Cultura e Spettacoli

I soldi vanno concessi con criteri meritocratici

Duecentomila persone in Italia lavorano nello spettacolo, settore sovvenzionato quando «d’interesse culturale». Giro d’affari? Due miliardi, con relativa Iva ad alimentare le sovvenzioni stesse. Per la Costituzione, art. 21, non si possono discriminare opere per l’orientamento politico. Se le opere sovvenzionate sono di sinistra ed estrema sinistra, è perché pochi ne fanno e quasi nessuno ne incoraggia di orientate a destra e all’estrema destra.
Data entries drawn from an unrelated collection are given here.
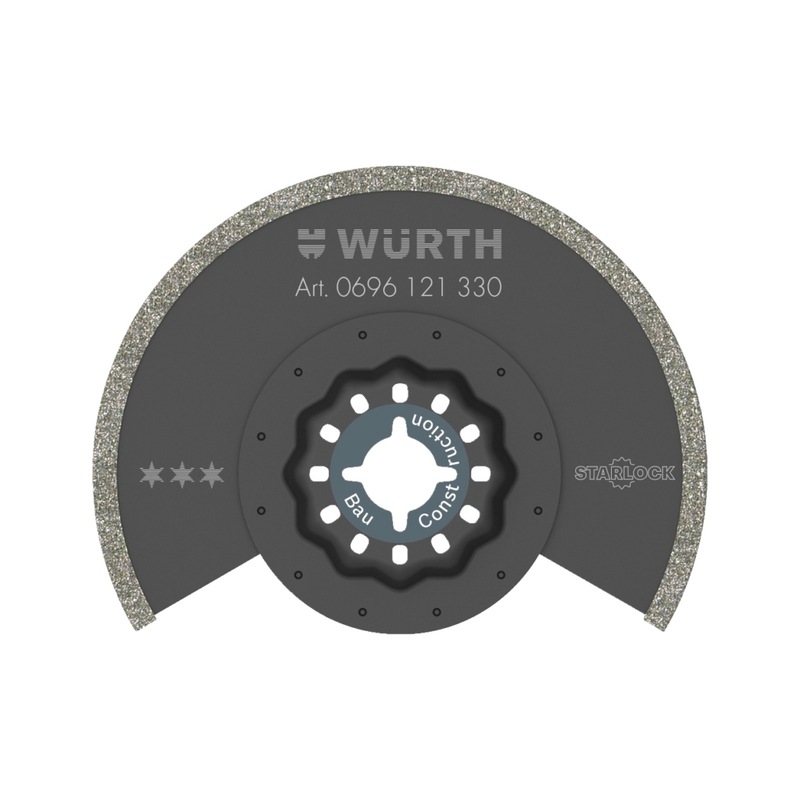 RIDGID Lame de pavé segmentée de 10 po | Home Depot Canada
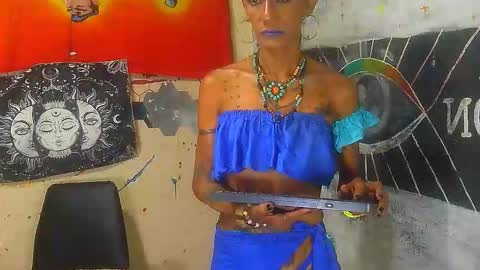 Julieth Wolf online show from 11-15-25, 07:27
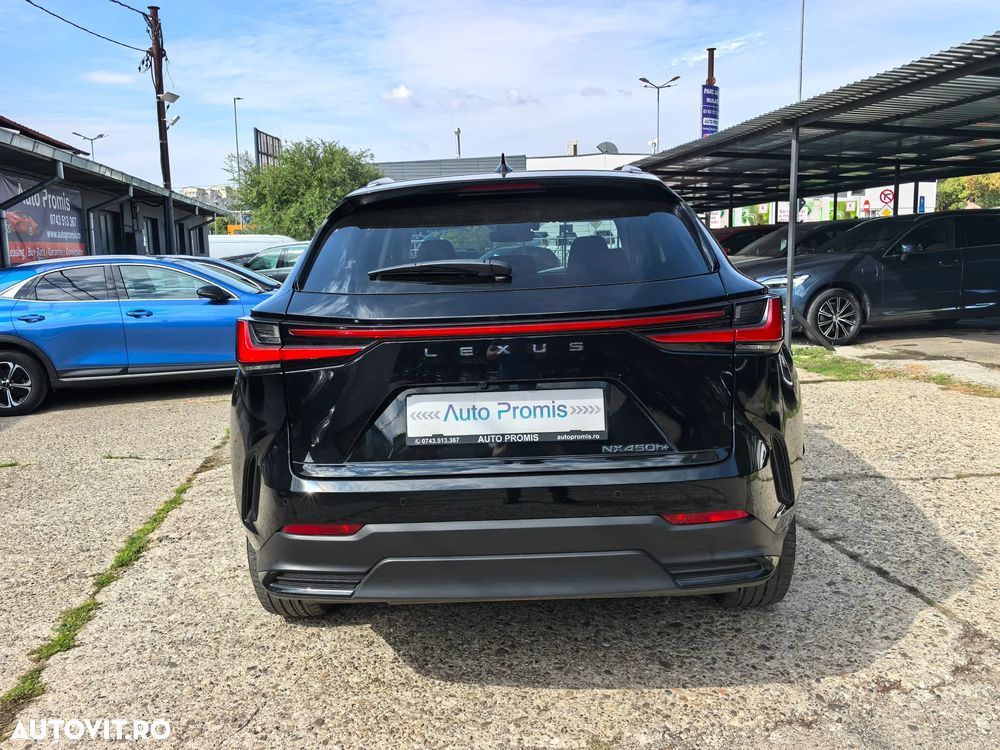 Lexus Seria NX 450h+ AWD CVT PHEV Luxury - 15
Ma ora s’affaccia Barbarossa di Martinelli, molto voluto da Bossi, molto scartato dall’ultima Mostra di Venezia.
I film politici di rilievo puntano sul Festival di Cannes; gli altri ripiegano sulla Mostra di Venezia e sul Festival di Roma. I loro selezionatori l’hanno trovato naturale, come i politici e gli amministratori del centrodestra che li hanno nominati. Se ora derivano attriti dalla spartizione fra potere politico e potere culturale, è perché alla maggioranza politica non occorre il «compromesso cinematografico» per governare. Era una cortesia che si minaccia di revocare.
Si rinfaccia a certi registi - uno dall’idea di sé molto alta, l’altro dai modi molto bassi - di sputare nel piatto dove mangiano, perché girano film con soldi investiti - non donati - da un’azienda facente capo al presidente del Consiglio. Reazione comprensibile, salvo la tentazione di buttare via il bambino con l’acqua sporca. Il bambino è il cinema italiano, che non andrebbe censurato, ma incoraggiato a produrre anche opere diverse, col garbo con il quale Giulio Andreotti, fra 1947 e 1953, orientò anche registi di sinistra e di estrema sinistra a sostenere l’interesse nazionale, non solo quello culturale. Perché Trieste tornasse all'Italia; e Trieste tornò. Ormai da decenni tutto, nel cinema di idee, si risolve invece in ben altre rivendicazioni: diritto alla gayezza, diritto all’esaltazione del ’68, diritto perfino a fare un mito di una famiglia comunista di Bagheria.
Mediocri ambizioni, ma democrazia è diventata sinonimo di mediocrità. Nessuno rammenta i doveri? Colpa di chi non lo fa. Però regole ci sono, migliori delle precedenti, seppur migliorabili ancora, come nota il direttore generale del Cinema al ministero dei Beni culturali, Gaetano Blandini.
Con la riforma Urbani è finito lo scempio che aveva bruciato i 500 miliardi di lire, accumulati per le sovvenzioni negli anni in cui il cinema italiano è stato industria, fra anni Sessanta e anni Ottanta. Ora le sovvenzioni vengono concesse sulla base dei progetti e delle sceneggiature, ma versate solo quando le condizioni sono realmente esaudite. La prima linea di Renato De Maria, ispirato dalle memorie di Sergio Segio, ex terrorista, è stato proiettato ieri in anteprima mondiale al Festival di Toronto. Ma il film avrà il milione e mezzo di euro convenuto (gli altri finanziamenti sono di Medusa, Rai e Sky, per una volta unite nella lotta) solo se la sceneggiatura non avrà subito sostanziali modifiche.

In Italia, non tutto funziona, ma qualcosa sì.